Have you ever found yourself at a sporting event wondering what it would be like to sit closer to the field in those vacant seats game-in and game-out? Have you ever pondered how unfair it is that those fair-weather fans, that just happen to be loaded, use their seats within feet of the court during just a handful of home games? Well, as we seem to hear all the time now, “There’s an app for that.”
There is a new mobile app called LetsMoveDown that will now benefit all parties involved. Yes, you really can have your cake and eat it too. First and foremost, there are a lot of season ticket holders that know they won’t be able to make it to every game. Why not capitalize on other fans wishing they could sit in your amazing seats? Using the LMD App, season ticket holders can now sell their tickets that won’t be used by scanning the barcodes for that particular game and avoid taking the loss. Why stop there though? Baseball, in particular, is a sport that will always have a hard time selling out every game. It has nothing to do with fans not loving or being passionate about their team, but instead the reality of a full baseball season and the 81 home games that it encompasses (there will just about always be available inventory). LMD has partnered with several franchises to capitalize on this void though and in return benefit both the franchise and the fan. LetsMoveDown co-founder, Derek Shewmon, explains that, “Prices are set at the beginning of the game by the team, usually around face value or at a slight discount. After the game starts, ticket prices decline based on an algorithm that factors in variables such as seat location, time remaining in the game, day of the week, home team record, away team, and supply and demand of the tickets to the game.” It would be silly for organizations to not consider utilizing a product like this when one of their primary focuses is generating revenue and being able to capitalize on what would otherwise be sunk-costs once the game has started. As for the fans, how can you go wrong? They now have the ability to upgrade their experience during the event at whatever price-point they feel comfortable taking advantage of; all while receiving concession coupons, fan offers and game updates directly through the app – for FREE.

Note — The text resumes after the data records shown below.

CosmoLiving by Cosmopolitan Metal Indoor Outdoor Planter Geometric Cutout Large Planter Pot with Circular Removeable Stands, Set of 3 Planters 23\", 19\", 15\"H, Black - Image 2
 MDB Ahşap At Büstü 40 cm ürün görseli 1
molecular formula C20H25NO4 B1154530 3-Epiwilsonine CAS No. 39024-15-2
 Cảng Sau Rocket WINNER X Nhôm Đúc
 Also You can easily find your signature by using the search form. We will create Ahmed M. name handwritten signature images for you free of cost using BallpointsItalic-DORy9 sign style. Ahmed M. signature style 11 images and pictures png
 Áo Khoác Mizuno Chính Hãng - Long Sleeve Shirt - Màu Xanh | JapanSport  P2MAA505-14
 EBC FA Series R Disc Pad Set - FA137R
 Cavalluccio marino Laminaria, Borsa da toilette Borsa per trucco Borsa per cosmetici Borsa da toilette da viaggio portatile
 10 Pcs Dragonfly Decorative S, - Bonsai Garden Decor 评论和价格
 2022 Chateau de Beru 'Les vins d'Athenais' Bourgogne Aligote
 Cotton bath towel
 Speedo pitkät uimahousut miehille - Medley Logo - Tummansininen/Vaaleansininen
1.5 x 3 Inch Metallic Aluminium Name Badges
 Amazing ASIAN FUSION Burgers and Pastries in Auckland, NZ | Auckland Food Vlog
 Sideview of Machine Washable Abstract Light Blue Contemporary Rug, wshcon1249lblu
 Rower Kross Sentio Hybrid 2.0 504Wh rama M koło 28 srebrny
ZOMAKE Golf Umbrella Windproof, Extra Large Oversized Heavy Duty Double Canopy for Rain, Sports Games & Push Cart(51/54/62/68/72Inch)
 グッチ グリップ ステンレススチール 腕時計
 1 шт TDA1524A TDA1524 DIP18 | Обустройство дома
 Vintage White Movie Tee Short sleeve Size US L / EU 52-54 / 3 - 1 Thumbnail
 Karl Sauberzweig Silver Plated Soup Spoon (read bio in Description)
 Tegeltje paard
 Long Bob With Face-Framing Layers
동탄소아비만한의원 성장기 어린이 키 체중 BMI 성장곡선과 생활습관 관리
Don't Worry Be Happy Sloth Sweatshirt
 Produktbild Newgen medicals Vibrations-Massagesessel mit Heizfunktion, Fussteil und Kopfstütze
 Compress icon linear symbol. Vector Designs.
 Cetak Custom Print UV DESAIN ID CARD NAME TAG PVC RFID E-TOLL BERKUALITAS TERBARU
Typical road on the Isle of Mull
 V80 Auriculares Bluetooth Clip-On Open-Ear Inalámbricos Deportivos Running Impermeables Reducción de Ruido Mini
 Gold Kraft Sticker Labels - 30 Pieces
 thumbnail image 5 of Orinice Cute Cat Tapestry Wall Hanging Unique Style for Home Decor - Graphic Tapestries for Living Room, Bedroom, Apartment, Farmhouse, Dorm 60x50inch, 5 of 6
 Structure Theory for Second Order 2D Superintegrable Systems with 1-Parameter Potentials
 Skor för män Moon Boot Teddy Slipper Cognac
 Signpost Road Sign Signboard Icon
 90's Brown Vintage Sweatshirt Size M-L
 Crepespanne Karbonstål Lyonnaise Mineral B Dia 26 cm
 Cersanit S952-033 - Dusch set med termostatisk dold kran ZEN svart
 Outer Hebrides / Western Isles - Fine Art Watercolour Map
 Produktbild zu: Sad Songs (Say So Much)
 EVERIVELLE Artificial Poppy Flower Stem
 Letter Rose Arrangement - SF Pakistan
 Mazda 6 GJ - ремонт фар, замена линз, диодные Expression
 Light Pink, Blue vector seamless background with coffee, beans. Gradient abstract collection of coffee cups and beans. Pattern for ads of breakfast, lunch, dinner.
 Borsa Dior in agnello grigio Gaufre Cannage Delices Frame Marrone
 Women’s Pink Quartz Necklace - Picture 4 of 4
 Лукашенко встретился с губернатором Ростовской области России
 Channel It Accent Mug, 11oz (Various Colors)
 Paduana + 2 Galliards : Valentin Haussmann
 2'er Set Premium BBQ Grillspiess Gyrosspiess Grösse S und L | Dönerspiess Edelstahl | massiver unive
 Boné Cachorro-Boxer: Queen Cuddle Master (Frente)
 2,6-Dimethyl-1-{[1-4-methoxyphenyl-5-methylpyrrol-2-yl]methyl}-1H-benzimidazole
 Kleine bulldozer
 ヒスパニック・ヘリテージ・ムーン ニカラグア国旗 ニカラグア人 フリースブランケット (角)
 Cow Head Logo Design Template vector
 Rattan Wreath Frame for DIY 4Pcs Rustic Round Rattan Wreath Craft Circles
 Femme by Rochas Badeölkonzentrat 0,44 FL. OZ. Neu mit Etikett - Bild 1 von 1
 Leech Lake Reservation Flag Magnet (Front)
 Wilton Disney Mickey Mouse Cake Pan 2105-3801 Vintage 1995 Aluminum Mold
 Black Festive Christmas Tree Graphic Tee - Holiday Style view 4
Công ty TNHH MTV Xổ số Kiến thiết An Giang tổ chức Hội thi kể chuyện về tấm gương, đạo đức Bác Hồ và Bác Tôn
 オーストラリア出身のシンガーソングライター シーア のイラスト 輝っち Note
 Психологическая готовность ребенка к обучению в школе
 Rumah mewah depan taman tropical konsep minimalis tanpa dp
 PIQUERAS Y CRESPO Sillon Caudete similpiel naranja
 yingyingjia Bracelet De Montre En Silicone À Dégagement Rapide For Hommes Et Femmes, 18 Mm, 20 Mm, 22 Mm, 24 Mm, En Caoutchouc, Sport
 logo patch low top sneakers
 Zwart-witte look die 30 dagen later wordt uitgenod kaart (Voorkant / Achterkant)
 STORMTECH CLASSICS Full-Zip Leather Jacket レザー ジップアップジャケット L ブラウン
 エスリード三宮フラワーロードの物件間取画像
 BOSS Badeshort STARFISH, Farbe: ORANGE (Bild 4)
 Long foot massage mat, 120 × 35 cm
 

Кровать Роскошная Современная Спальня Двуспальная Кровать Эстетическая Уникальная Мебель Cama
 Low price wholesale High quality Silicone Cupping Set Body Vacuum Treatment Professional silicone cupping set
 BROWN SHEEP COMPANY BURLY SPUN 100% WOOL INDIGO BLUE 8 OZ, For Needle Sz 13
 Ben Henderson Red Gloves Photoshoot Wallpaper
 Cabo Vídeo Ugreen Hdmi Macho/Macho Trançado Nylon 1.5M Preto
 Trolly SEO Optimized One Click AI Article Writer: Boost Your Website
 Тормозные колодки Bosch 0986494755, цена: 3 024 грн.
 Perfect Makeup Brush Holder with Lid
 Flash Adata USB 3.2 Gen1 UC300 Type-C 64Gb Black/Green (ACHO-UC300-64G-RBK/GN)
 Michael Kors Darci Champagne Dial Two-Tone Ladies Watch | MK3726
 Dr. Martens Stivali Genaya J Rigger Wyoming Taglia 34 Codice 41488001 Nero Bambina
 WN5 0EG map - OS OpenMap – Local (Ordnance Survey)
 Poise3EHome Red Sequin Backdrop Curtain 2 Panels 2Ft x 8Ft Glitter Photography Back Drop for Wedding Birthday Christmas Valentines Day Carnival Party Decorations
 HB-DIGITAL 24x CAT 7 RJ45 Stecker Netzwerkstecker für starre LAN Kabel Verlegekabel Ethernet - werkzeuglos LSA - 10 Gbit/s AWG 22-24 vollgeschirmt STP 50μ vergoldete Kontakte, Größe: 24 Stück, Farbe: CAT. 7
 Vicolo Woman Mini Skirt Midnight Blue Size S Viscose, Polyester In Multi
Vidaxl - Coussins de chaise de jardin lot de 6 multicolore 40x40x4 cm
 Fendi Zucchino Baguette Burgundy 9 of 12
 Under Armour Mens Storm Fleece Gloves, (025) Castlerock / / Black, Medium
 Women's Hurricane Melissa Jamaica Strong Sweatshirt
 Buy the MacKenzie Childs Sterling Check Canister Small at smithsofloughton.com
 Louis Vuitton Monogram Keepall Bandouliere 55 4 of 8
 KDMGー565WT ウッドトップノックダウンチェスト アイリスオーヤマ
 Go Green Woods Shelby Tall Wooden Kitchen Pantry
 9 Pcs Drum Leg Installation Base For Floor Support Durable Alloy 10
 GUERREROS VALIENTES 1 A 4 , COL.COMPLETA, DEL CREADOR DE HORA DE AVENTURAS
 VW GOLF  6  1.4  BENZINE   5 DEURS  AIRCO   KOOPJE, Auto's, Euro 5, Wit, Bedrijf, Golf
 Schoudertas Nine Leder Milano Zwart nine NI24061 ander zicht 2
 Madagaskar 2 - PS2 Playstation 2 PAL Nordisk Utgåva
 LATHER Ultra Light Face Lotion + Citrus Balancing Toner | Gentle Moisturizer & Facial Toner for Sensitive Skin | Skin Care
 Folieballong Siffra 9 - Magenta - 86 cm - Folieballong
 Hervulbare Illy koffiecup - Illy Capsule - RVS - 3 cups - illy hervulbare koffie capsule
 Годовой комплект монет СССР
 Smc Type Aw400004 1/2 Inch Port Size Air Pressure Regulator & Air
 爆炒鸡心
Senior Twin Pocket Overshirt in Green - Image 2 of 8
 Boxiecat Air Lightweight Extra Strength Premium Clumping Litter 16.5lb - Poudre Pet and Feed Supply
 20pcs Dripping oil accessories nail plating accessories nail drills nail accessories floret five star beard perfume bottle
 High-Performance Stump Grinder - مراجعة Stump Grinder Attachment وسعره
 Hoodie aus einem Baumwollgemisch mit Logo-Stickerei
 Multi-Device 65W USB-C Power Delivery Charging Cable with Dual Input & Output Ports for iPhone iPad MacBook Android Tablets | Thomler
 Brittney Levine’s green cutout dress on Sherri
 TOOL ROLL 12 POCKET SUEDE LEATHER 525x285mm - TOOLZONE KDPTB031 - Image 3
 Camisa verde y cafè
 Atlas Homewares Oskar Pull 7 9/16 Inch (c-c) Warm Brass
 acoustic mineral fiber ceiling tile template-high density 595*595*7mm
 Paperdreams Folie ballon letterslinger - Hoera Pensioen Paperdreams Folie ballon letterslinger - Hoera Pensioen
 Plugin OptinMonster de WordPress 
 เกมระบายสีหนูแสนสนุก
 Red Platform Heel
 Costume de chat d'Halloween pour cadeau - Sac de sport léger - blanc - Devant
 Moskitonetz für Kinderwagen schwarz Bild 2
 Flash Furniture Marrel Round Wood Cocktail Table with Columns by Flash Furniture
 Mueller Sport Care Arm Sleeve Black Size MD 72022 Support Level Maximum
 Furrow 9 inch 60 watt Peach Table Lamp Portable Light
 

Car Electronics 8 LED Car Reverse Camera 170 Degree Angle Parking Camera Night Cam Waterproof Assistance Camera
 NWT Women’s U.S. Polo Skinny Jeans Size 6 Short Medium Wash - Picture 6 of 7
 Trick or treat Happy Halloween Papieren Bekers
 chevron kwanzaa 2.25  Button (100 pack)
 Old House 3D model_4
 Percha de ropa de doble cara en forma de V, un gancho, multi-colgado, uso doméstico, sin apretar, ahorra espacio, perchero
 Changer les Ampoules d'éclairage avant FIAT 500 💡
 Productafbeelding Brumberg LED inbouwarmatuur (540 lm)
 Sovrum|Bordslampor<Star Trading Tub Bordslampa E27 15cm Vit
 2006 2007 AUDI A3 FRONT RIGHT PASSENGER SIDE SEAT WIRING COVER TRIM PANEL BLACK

As great as this product can be, I believe there will still be some challenges presented regardless of how finely tuned the app is. I’m sorry Los Angeles fans, but your peers are the perfect example. Never in my life have I seen fans still show up during the 3rd quarter of a basketball game, halfway through the second period of a hockey game and during the 5th or 6th inning of a baseball game. Yet it happens in Southern California; a lot. That being said, just because it appears inventory might be available, doesn’t mean it actually is available. Another issue that could come up is season ticket holders simply forgetting to scan their tickets so that they can be resold. Finally, one of the greatest obstacles that fans may have to overcome is simply not having the mobile connectivity at an event to use this service. We all know how bad cell towers and WiFi can be at stadiums and arenas.
While I’m sure there are many other potential pro’s and con’s, I feel pretty comfortable the pro’s should significantly outweigh the latter.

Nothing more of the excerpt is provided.